# The kids are growing up



## Gnarly (Aug 29, 2008)

So many of you know Goku & Artemis joined our family, pretty recently. They are both doing fantastic, and growing so fast. 
I thought I'd show off my babies.

Artemis is a total snuggler!










And Goku is a total ham!









(please excuse the little boy stain in his fur by his chin, he's not very modest & gets a little messy. He got a bath right after this little photo shoot :lol: )


----------



## LizardGirl (Aug 25, 2008)

Aww, little Arty! And Goku, you shameless little boy. :lol: 

They grew up so fast! Adorable! (insert :wub: smilie here  )


----------



## PixiesExoticHedgies (Sep 4, 2008)

how do you always seem to capture pics of their teeth? :mrgreen: 
lol.....they are adorable!


----------



## Gnarly (Aug 29, 2008)

I just tell them to say "chesse" :lol: 

No, but really I just get right on their level, like on my belly on the bed with them, haha.
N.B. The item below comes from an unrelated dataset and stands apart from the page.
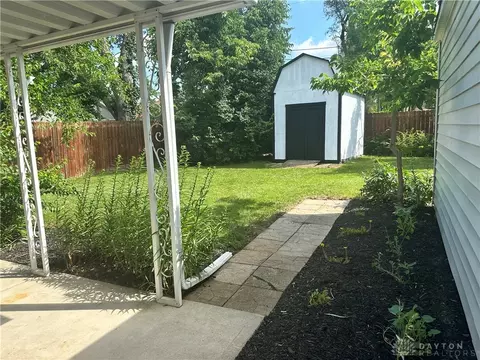 1111 Long St, Troy, OH 45373 photo 22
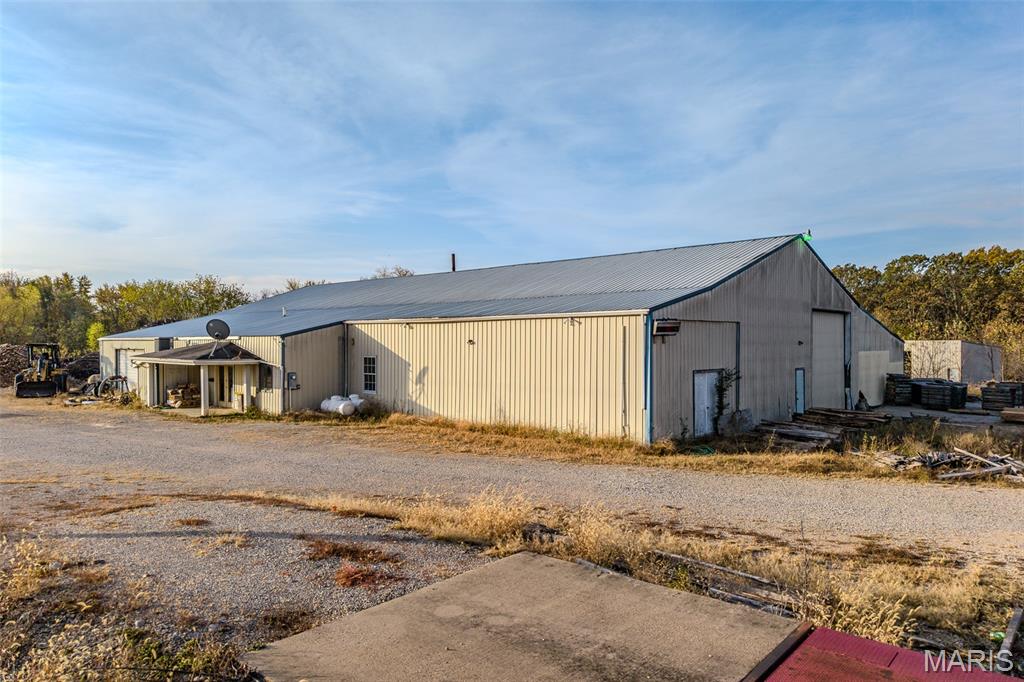 Homes for sale in Lebanon, MO | 30841 Old Hwy 5, Lebanon, MO 65536 | MLS# MIS25073389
And my guys are always sniffing the air and checking things out.


----------



## Vortex (Aug 28, 2008)

awwwwwe there so cute! i wuv the wittle teefys :lol:


----------



## shetland (Sep 2, 2008)

Those babies are just too cute for words. Did I hear you say they were both gifts for me? I did hear you say that right? Did anyone else hear that too?


----------